Suresh's comments in
However for the write site, not picking the stale node could result in an issue, especially for small clusters. That is the reason why I think we should do the write side changes in a related jira. We should consider making stale timeout adaptive to the number of nodes marked stale in the cluster as discussed in the previous comments. Additionally we should consider having a separate configuration for write skipping the stale nodes.
The more detailed proposal for handling write is:
For writes do not use stale datanodes (if possible). To avoid the scenario where a small T for judging stale state may generate new hotspots on cluster, T is proposed to be calculated as:
T = t_c + (number of nodes already marked as stale) / (total number of nodes) * (T_d - t_c),
where t_c is a constant value initially set in the configuration, and T_d is the time for marking as dead (i.e., 10.5 min).

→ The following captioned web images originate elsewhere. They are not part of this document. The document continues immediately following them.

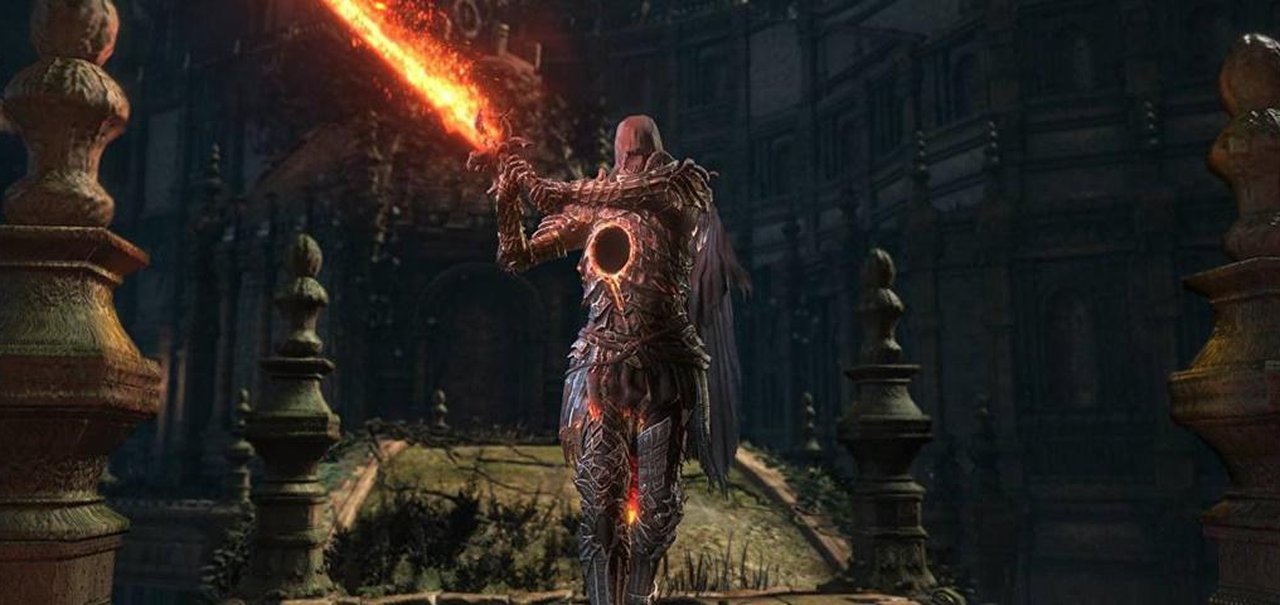 Dark Souls para PC terá servidores desligados até chegada de Elden Ring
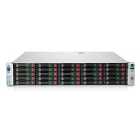 HP Proliant DL380p Gen8 Сервер DL380pG8_2xE5-2680v2_64GB_25SFF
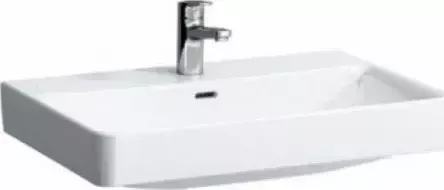 Раковина Laufen PRO S (8.1696.7.000.104.1)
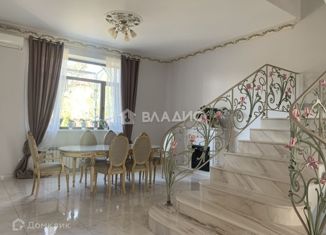 Таунхаус на продажу, 380 м2, посёлок Стрельна, улица Тургенева, 17/10с5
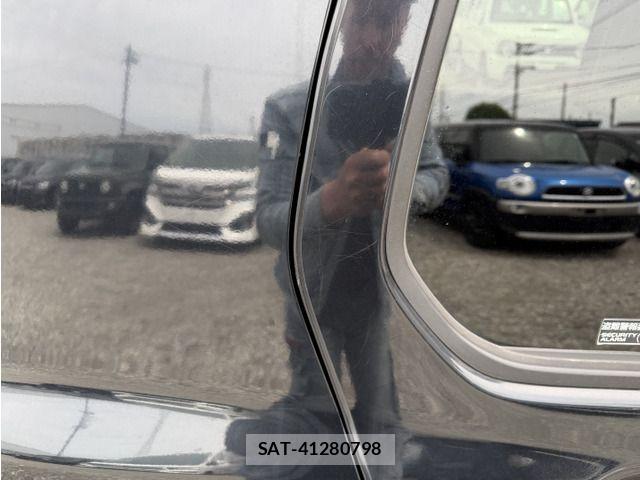 Suzuki HUSTLER 2017-03 8145917-19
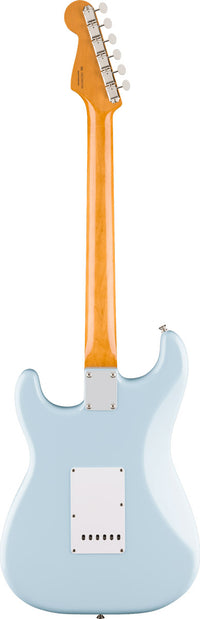 Fender Vintera III Early 60s Stratocaster RW Guitarra Eléctrica Sonic Blue 2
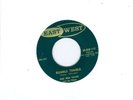 East West record Mad Man Taylor Rumble Tumble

E.g., t_c can be set as 30s, then when there is no or few nodes marked as stale, we can have a small T to satisfy the HBase requirement. In case that there are large number nodes marked as stale, e.g., near the total number of nodes, T will be almost T_d (i.e., ~10min), and the workload can still be distributed to all the nodes alive.
When almost all nodes are marked as stale, include stale nodes as writing target candidates when the number of remaining normal alive nodes is less than the replica number.